John Talaia was patriarch of Alexandria from 481 until 482. He was consecrated in 481, succeeding Timothy III Salophakiolos.

Talaia was a convinced adherent of the Council of Chalcedon and refused to sign Emperor Zeno's Henoticon (which glossed over the Council of Chalcedon). Because of this, the Emperor expelled him and recognized the Miaphysite claimant Peter Mongus as the legitimate patriarch on the condition that he would sign the Henoticon. Mongus complied and was recognized by the patriarchs of Antioch and Constantinople.

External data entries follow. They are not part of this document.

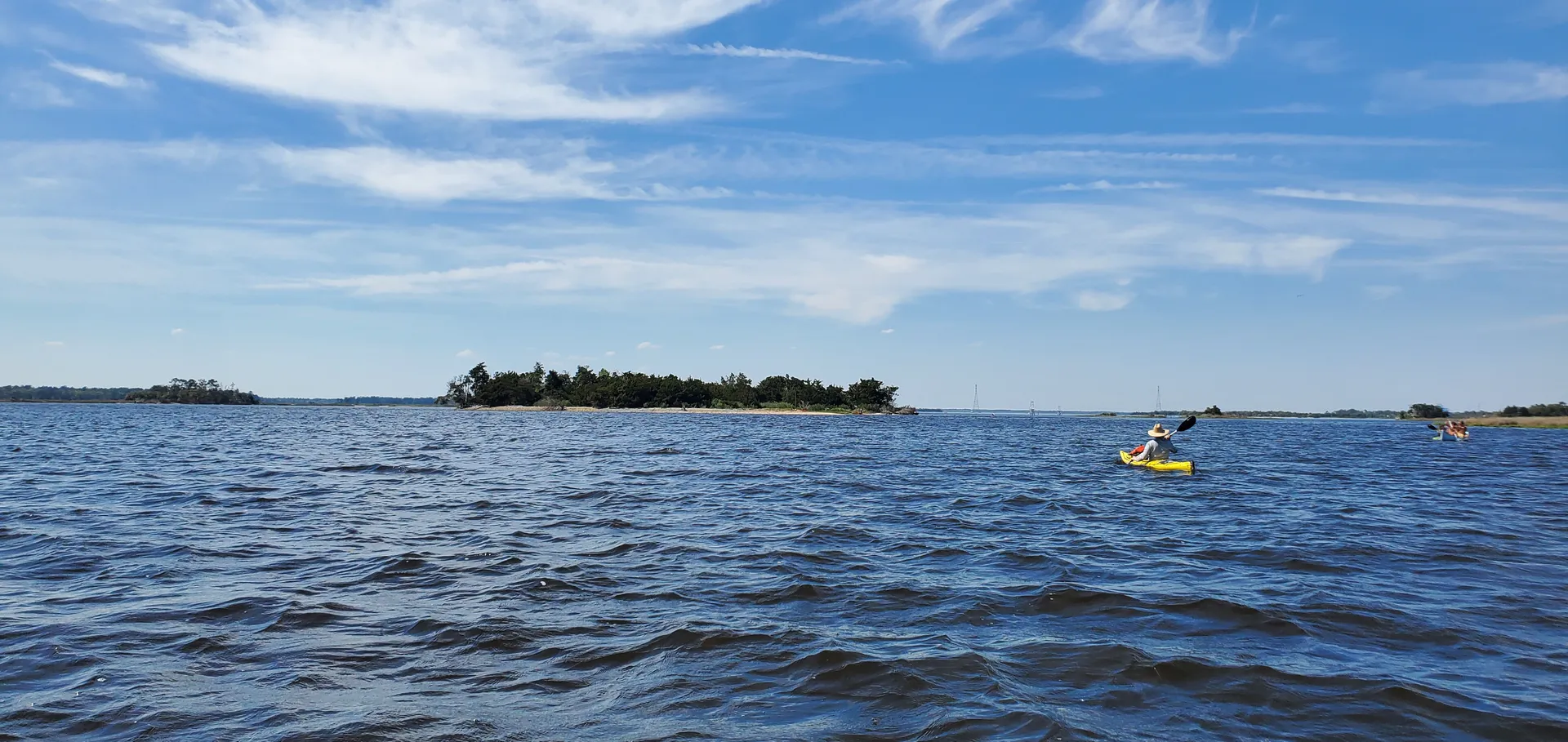 Kayaker paddling toward Shark Tooth Island on the Cape Fear River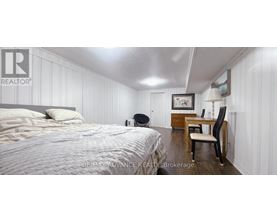 A bedroom with a bed, desk, and chair.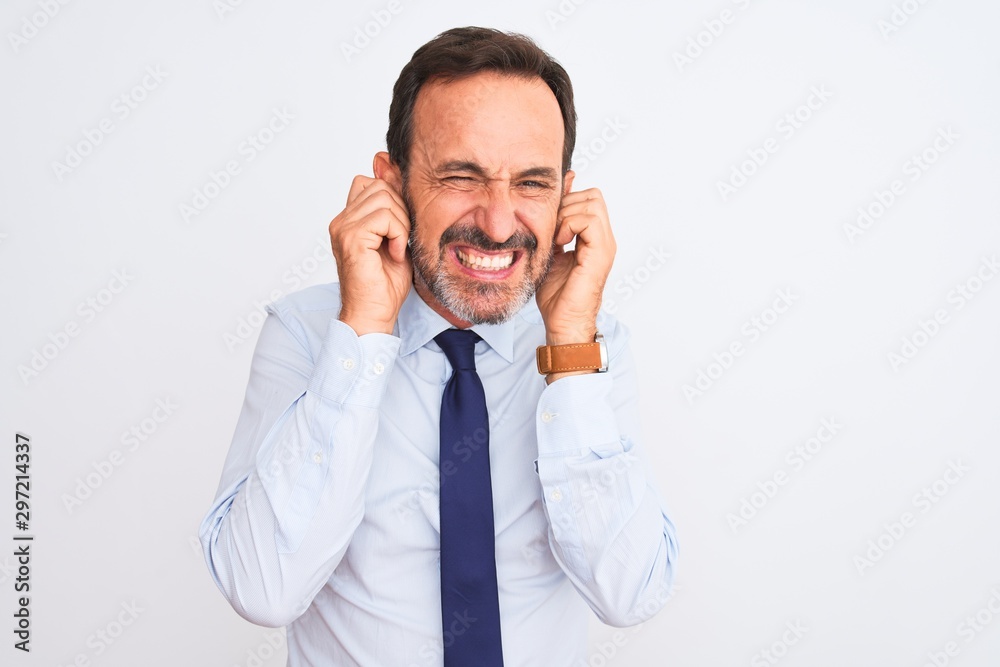 Middle age businessman wearing elegant tie standing over isolated white background covering ears with fingers with annoyed expression for the noise of loud music. Deaf concept.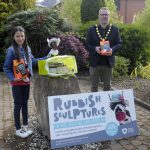 Male Lord Mayor and young girl holding competition prizes - tablets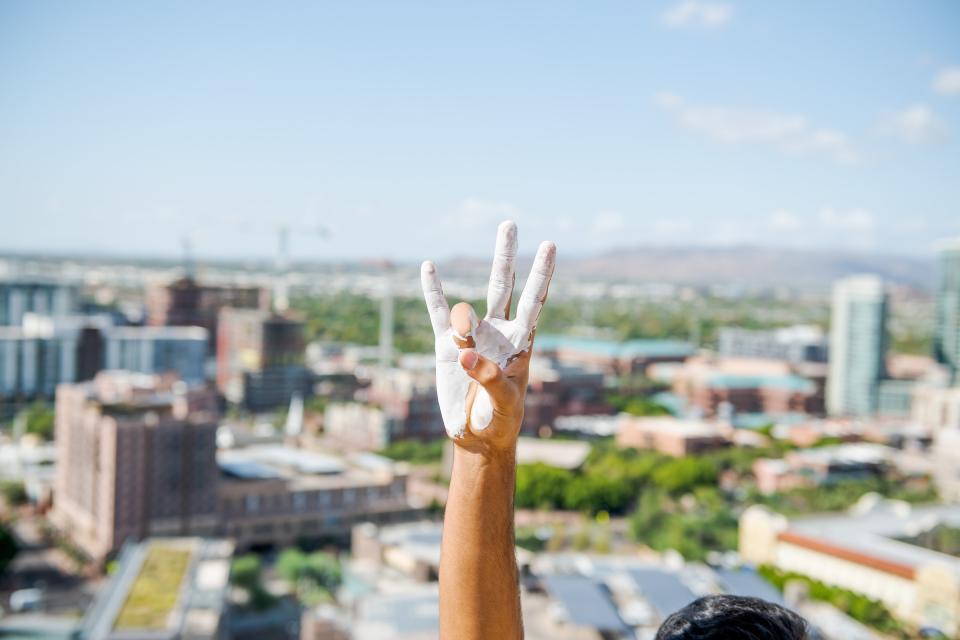 A painted hand makes the pitchfork salute / Photo by Jared Opperman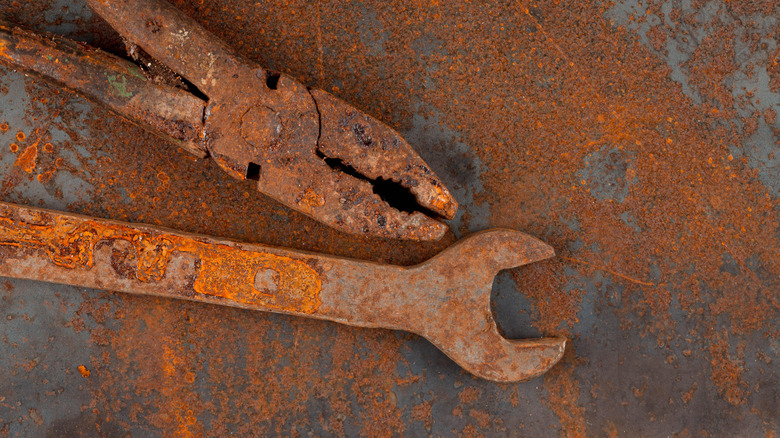 rusty wrench and pliers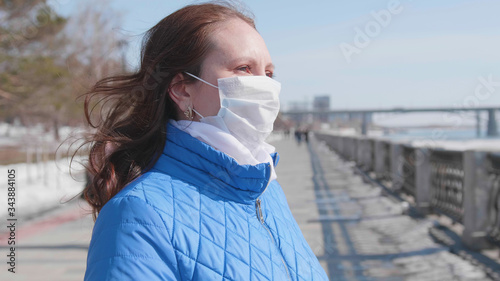 A girl in a protective mask on the street. Prevention and protection of health and safety of life.
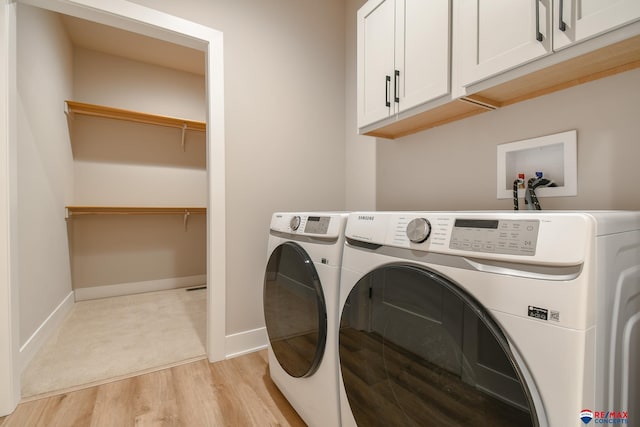 laundry area with cabinets, light hardwood / wood-style flooring, and washing machine and clothes dryer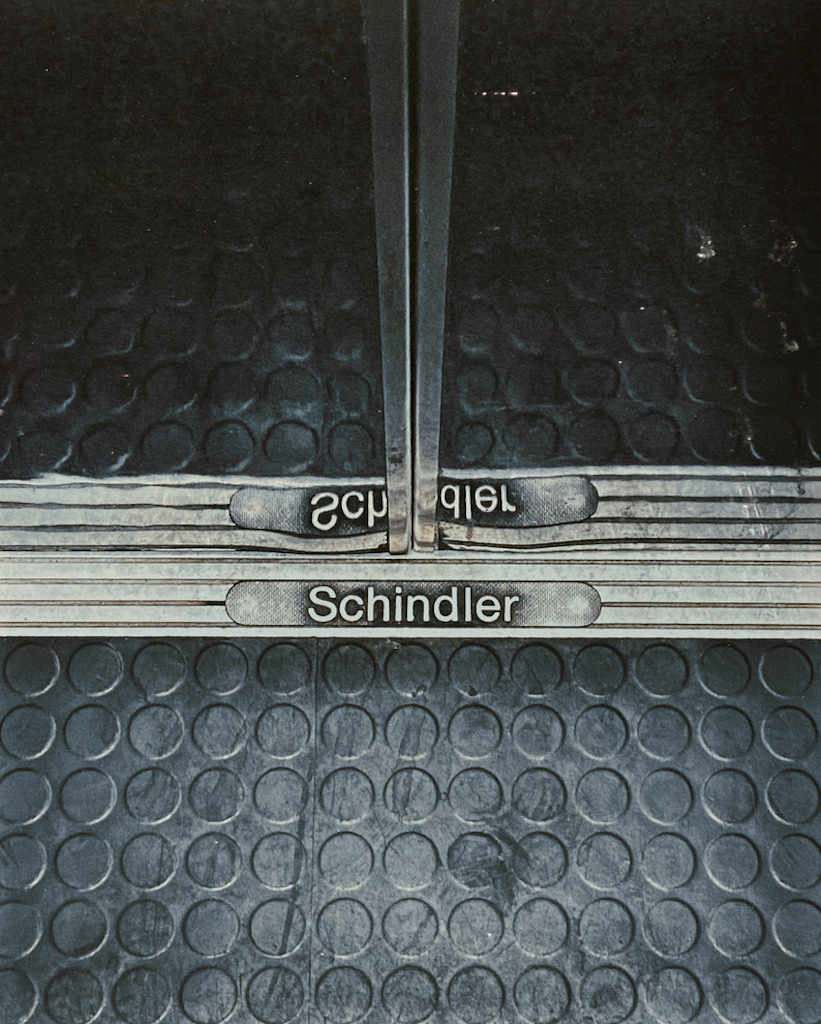 Close-up of an elevator threshold with "Schindler" engraved on the floor plate. Scuffed rubber floor.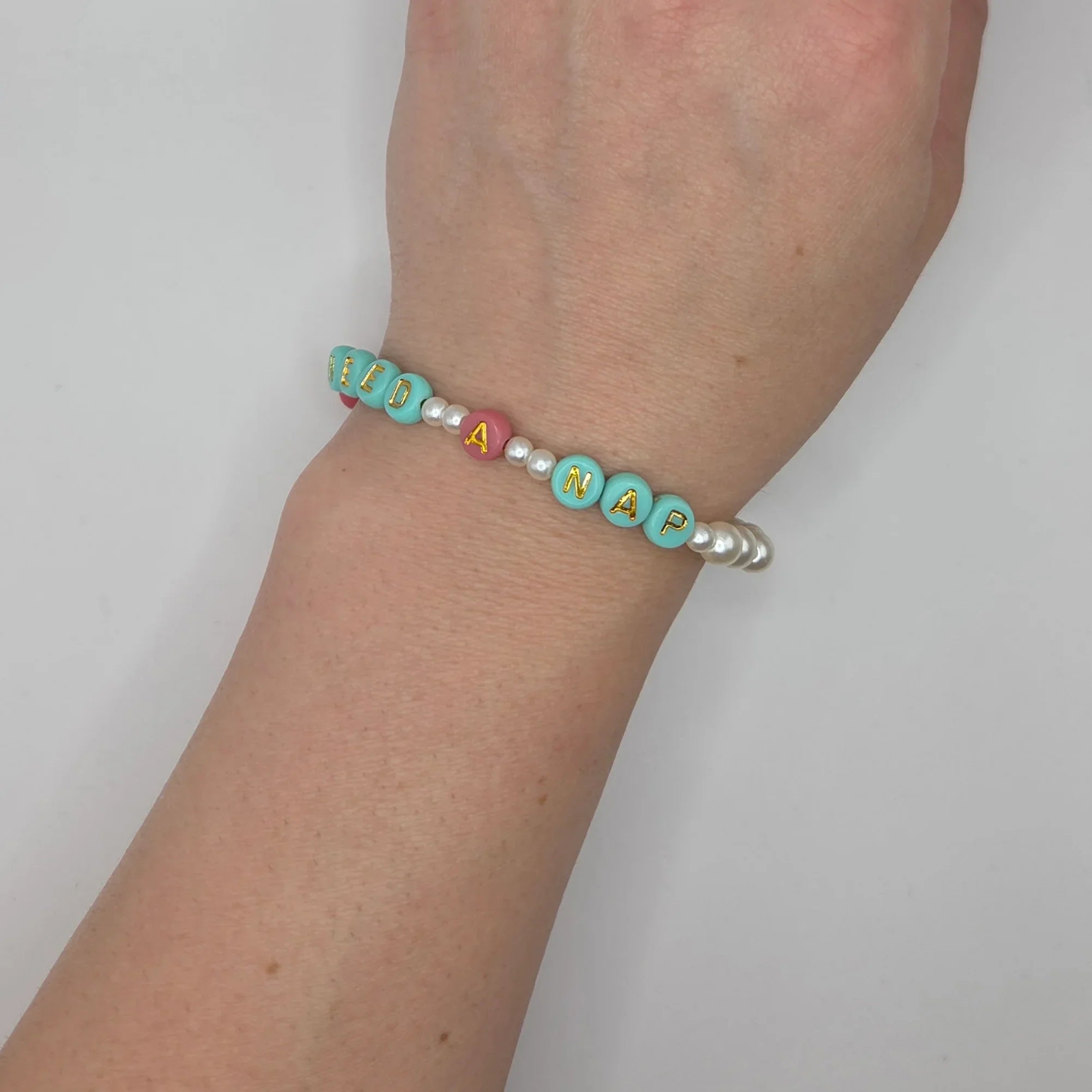 Handmade 'Need a Nap' beaded bracelet with mint, pink, and pearl beads on wrist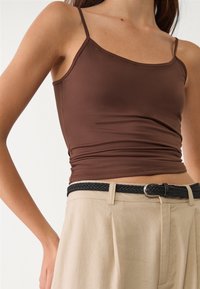 Bruine aansluitende camisole met dunne bandjes, gecombineerd met beige geplooide broek en een zwarte gevlochten riem. Gladde stof en zachte textuur.
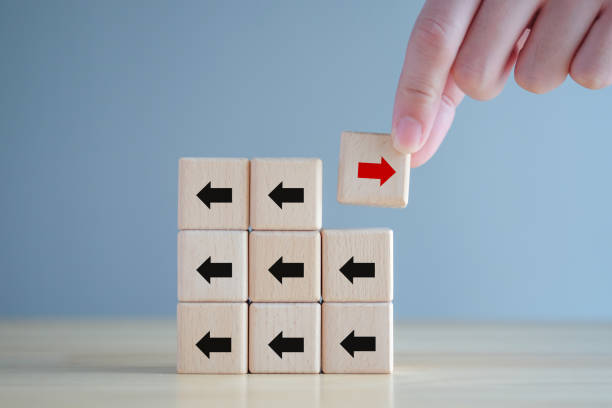 istock Hand holding red arrow that opposite direction black arrow. Individuality, Think outside the box, Think difference. Business disruption and leadership. 1426052018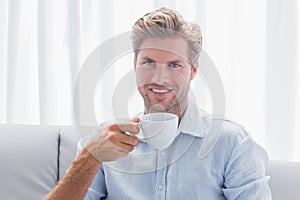 Handsome man sitting on his couch drinking a coffee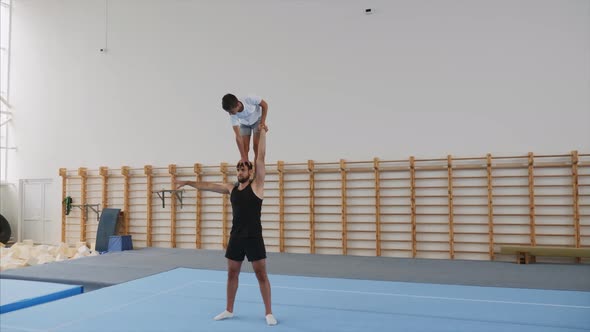 Athlete is Making a Handstand with One Hand on the Head of Partner Steadicam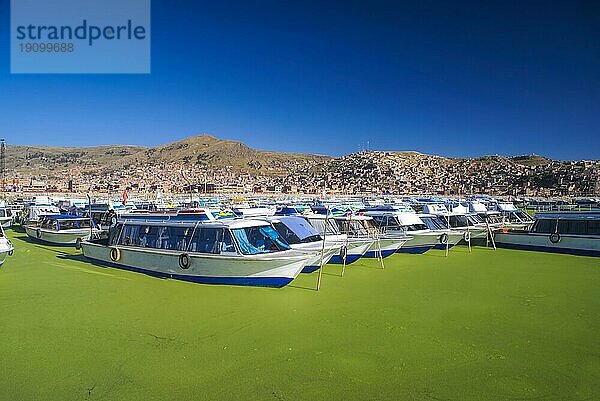 Boote auf grünem Wasser im Hafen von Islas Flotantes de los Uros in Peru  Südamerika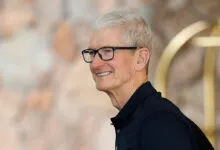 Apple CEO Tim Cook smiles wearing glasses and a dark polo shirt.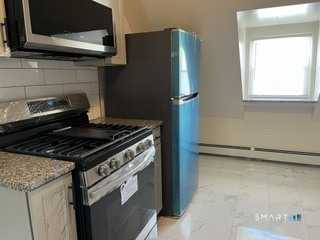 Home in Hartford, CT 06114 — photo 3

Talaia fled to Rome, where he was welcomed by Pope Simplicius. This pope, or his successor Felix III, refused to recognize Mongus and defended Talaia's rights in a letter to Acacius of Constantinople. As Acacius maintained the Henoticon and communion with Mongus, the pope excommunicated the patriarchs in 484. This Acacian schism lasted until 519.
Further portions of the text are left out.